I'm going to be placing my order for a new tank and stand with Miracles Aquarium on Monday. I was originally going to go with a standard 90G tank (48x18x24) and a stand to match.

However, I've read in several places to go for one size bigger so you don't regret the chosen tank size ... so now I'm debating whether I should go for the 112G tank and stand. It's a slightly odd size at 60" long, 18" front to back, and 24" tall.

It's about 20% more expensive. Also I just purchased the Ecoxotic E-120 light but that should work for a 60" tank, or at least that's what I've read.

Looking for input on this choice ... should I go bigger or is 90G big enough. Would the weird 60" tank length pose problems that I don't foresee?

Thanks for your input,
Harry


----------



## tom g (Jul 8, 2009)

*tank*

fresh or salt ....

always go bigger if u have the room ... if its salt , some have issues with the height ....

planted tank the taller tank may give u some nice options with long thin plants ..


----------



## cb1021 (Sep 21, 2009)

The length is awesome. Big tanks rock. Go big, you'll get nice scale. In nature, fish have tons of water volume to swim in. You'll see more natural behavior including spawning from your fish if given more room. 
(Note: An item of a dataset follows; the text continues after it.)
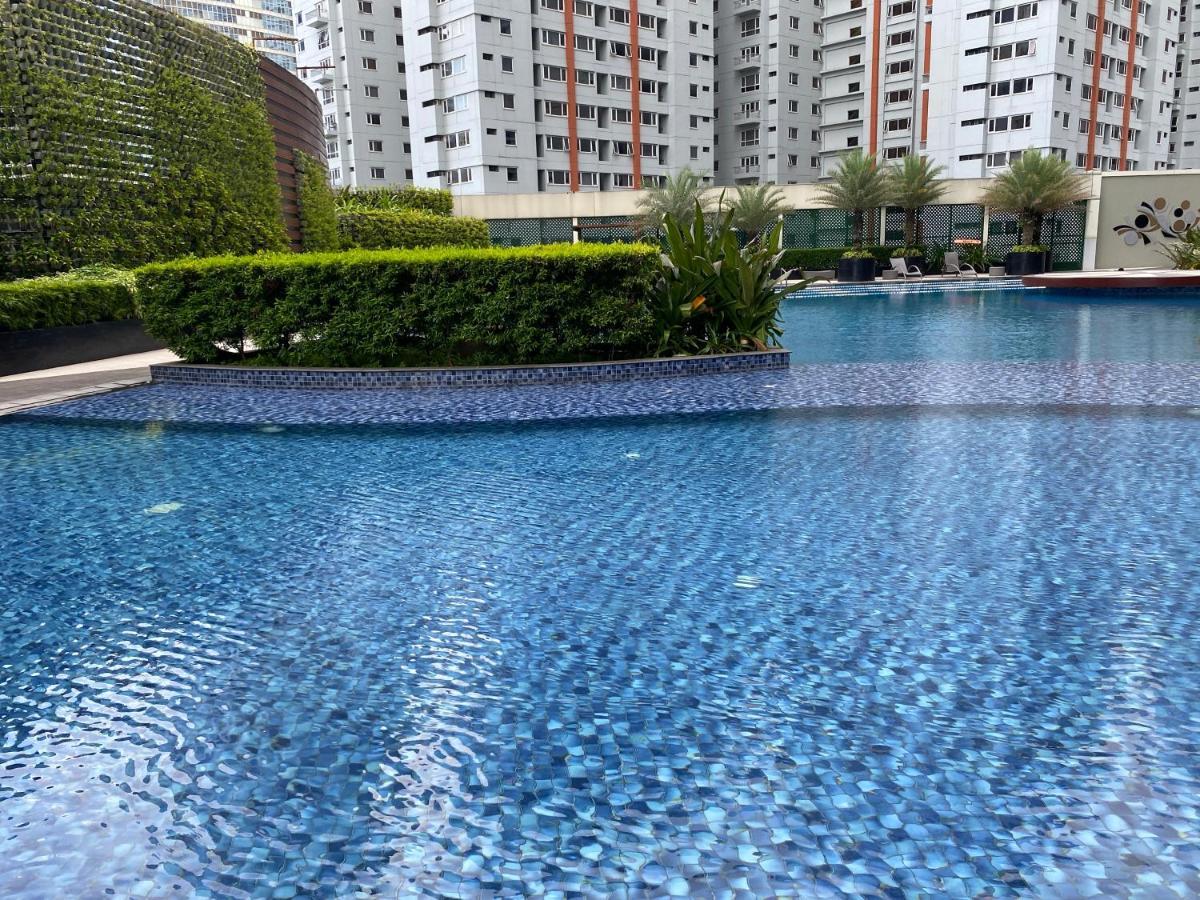 Penthouse Perfection Air Makati Appartement Manilla Buitenkant foto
Fish give off chemicals (can't remember what they're called) but they're aware of the population density for an area of water. If the population density feels to be too competitive for them, they are less likely to spawn. When fish feel there's tons of food, clean water, and a large living space, they will be super happy!


----------



## Harry Muscle (Mar 21, 2007)

tom g said:


> fresh or salt ....
> 
> always go bigger if u have the room ... if its salt , some have issues with the height ....
> 
> planted tank the taller tank may give u some nice options with long thin plants ..


It'll be a low tech planted tank.

Thanks,
Harry


----------



## Lee_D (Jun 11, 2010)

What do you plan on putting in it? If you want to focus on plants then you would likely want to think about lighting. Standard lights are four feet long. It may be difficult getting a good light for a 60 inch tank.

The 90's are nice for showing off mid to high top fish. They are a bit tall for low tech planted tanks. A 75g is easier to get to the bottom of for maintenance and is good for bottom dwellers.

If your not sure what you want to specialize in, then go as big as the space on your wall will allow. For me, the perfect tank is a 75g, however I also have a 6ft tank with two 3ft t5ho lights on top and i love it.

Lee


----------



## Harry Muscle (Mar 21, 2007)

I decided to go with the 112G tank ... here's my journal in case anyone wants to follow:

http://www.gtaaquaria.com/forum/showthread.php?t=147458

Thanks,
Harry


----------